The E70 is the business version/successor to the Nokia 6800 series (6800, 6810, 6820 and 6822).

Key features 
 Screen resolution: 352 × 416
 Processor speed: 220 MHz
 45 MB RAM, about 22 MB available
 Multimedia Messaging v1.2
 Push to talk
 Java MIDP 2.0
 Web Browser for S60
 POP3, IMAP4, SMTP E-mail
 SIP client for VoIP calls
 WiFi (802.11b/g) with WEP/WPA
 Bluetooth with up to six concurrent connections (though only one can be a headset).

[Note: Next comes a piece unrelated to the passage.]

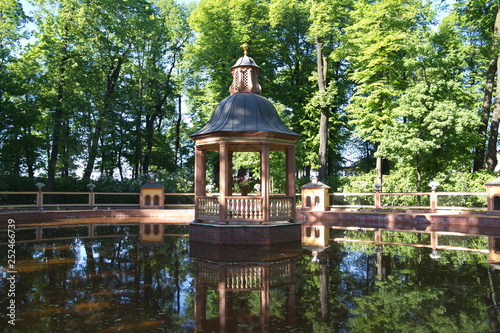 Small wooden house with scaffolding on the water in the garden pond, surrounded by trees 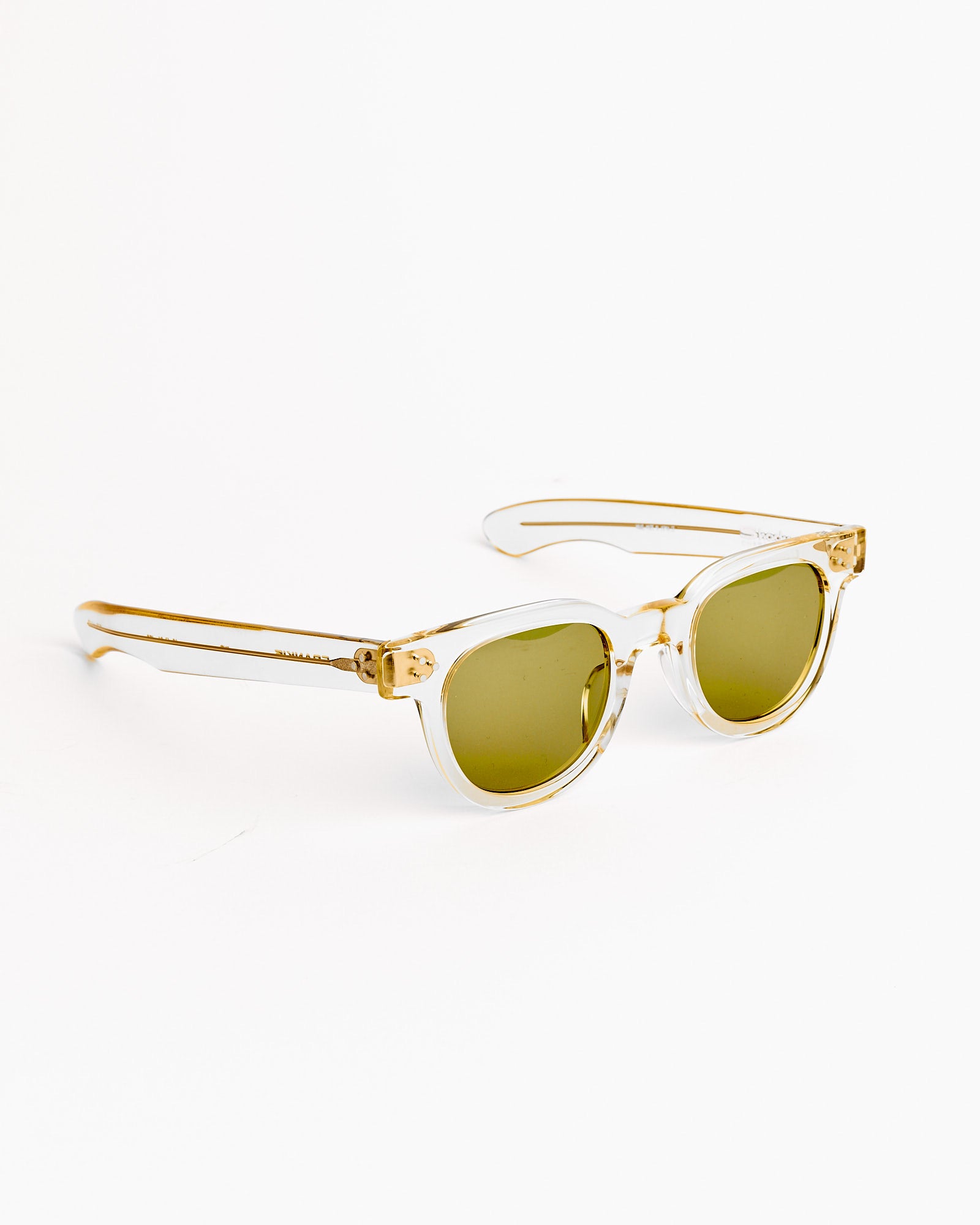 The Shady Character Frankie Sunglasses in Champagne/Mid Green feature transparent yellow frames and green-tinted lenses, displayed at an angle on a white background. Questions about size? Chat with us online for personalized help.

 Speaker-independent voice calls and commands
 Speech synthesis mode for visually impaired
 Mini QWERTY fold-out keyboard
 Polyphonic tones and MP3 playback
 35×42 mm display
 Vibrating alert
 HF speakerphone
 Offline mode
 117 × 53 × 22 mm (4.61 × 2.09 × 0.87 in)
 1.01 W/kg (type RM-10), 0.90 W/kg (type RM-24) SAR-Rating

The Nokia E70 is aimed at the high-end professional market. The 16 million color screen has a 352 × 416 pixel (totalling 146,432 pixels) resolution, and the E70 is capable of GSM, WiFi and Bluetooth connectivity. The SIP VoIP functionality will currently not work through a firewall or most router configurations. Nokia has made a statement that they are working on implementing STUN (originally planned for 2006 but only available for E70-1 as of April 2012), TURN and ICE (also planned for 2007 but not available as of June 2008).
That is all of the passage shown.